I, on the other hand, felt electric. My silver wolf purred in my chest. My unbound aura pulsed outward, pulling every eye in the room toward me. Even the ancient Lycan elders watched me with deep, silent respect.

When the time came for the formal toasts, I stood up and tapped my crystal glass. The room instantly fell silent.

"Welcome, friends," I began, my voice ringing clear and sweet across the hall. "We have much to be thankful for tonight. Especially the extraordinary sacrifice of my mate, Alpha Patrick."

I looked down at Patrick. He offered a strained, nervous smile.

"He gave his own wolf essence to save my sister, Savanna," I continued, letting my voice drop into a tone of absolute, innocent awe. "His devotion is truly unmatched. In fact, I sleep alone every night just so Patrick can fulfill his noble nightly duties to her."

The hall went dead silent. A few Alphas lowered their forks. Beta Cole stared at his plate, his face tight with disgust.

I tilted my head, smiling warmly at the Lycan elders. "The deep connection between them is beautiful. It truly transcends ordinary concern for a mate's sibling. He spends hours in her private chamber, long into the night, making sure she is perfectly... satisfied with her care."

Clink.

The lead Hamilton Lycan elder set his heavy silver goblet down on the wooden table.

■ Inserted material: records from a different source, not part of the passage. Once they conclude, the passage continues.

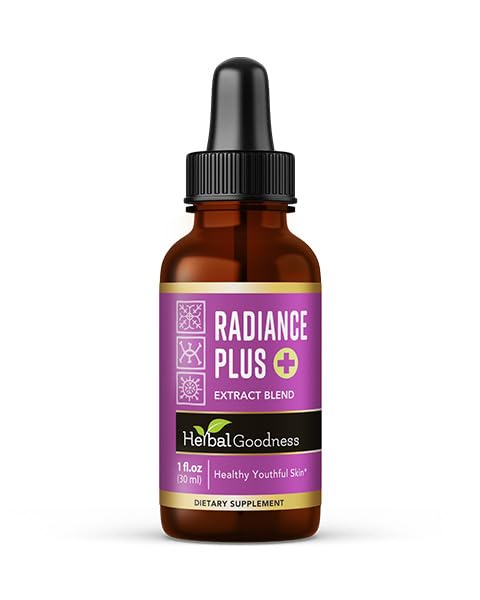Herbal Goodness Radiance Boost Liquid Collagen 1oz – Vital Proteínas Collagen Peptides, Liposomal Glutathione, Pelo Skin Nails Vitaminas para Hombres Mujeres – Glow-Enhancing Collagen Liquid Formula
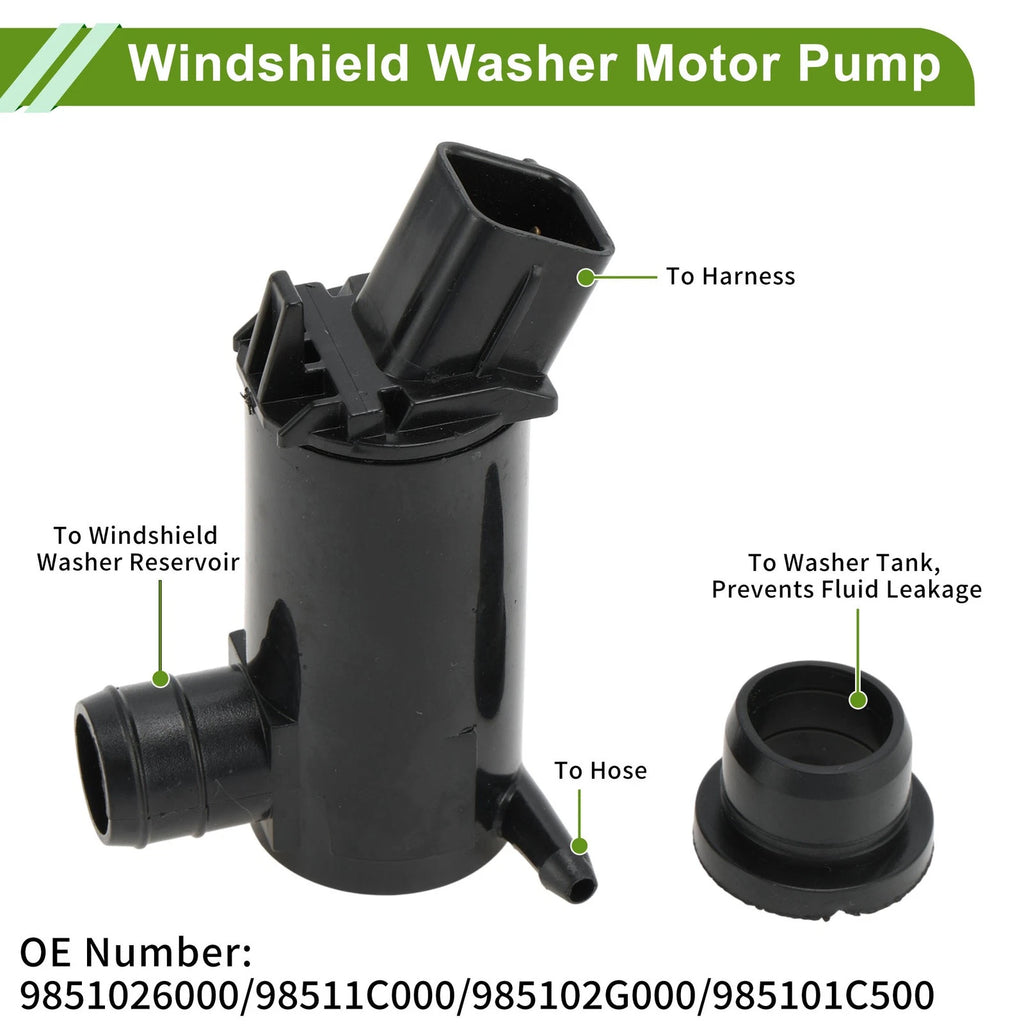Windshield Washer Pump for Genesis G70 (2019–2023) No. 9851026000, Rubber Ring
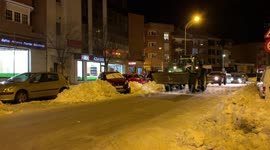 Unprecedented cold wave after storm Philomena during the coronavirus pandemic in Madrid on January 11st, 2021.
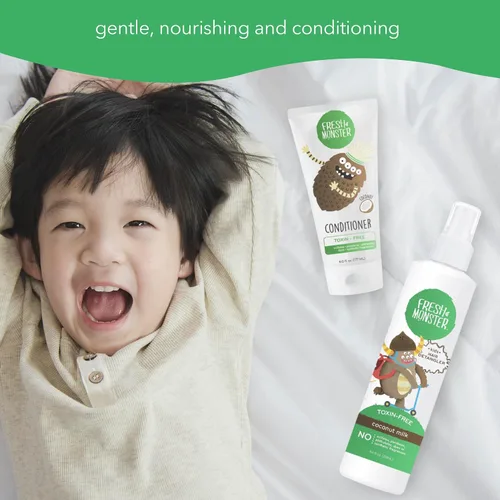 Vista 5 de Fresh Monster Paquete desenredante de cabello para niños, desenredante de 8.5 onzas y acondicionador de 6 onzas, sin toxinas, hipoalergénico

The sound cracked through the quiet room like a gunshot.

Patrick's face turned ash white. He shot out of his chair, knocking it backward. "Claire, enough!" he snarled.

He tried to push his Alpha tone into the words. He tried to force that heavy, commanding pressure that makes weaker wolves drop to their knees. But nothing happened. His voice just cracked, thin and powerless, echoing pitifully in the massive hall.

I didn't flinch. I just stood there and smiled, watching his authority bleed out on the floor. The match was lit, and the whole house was about to burn.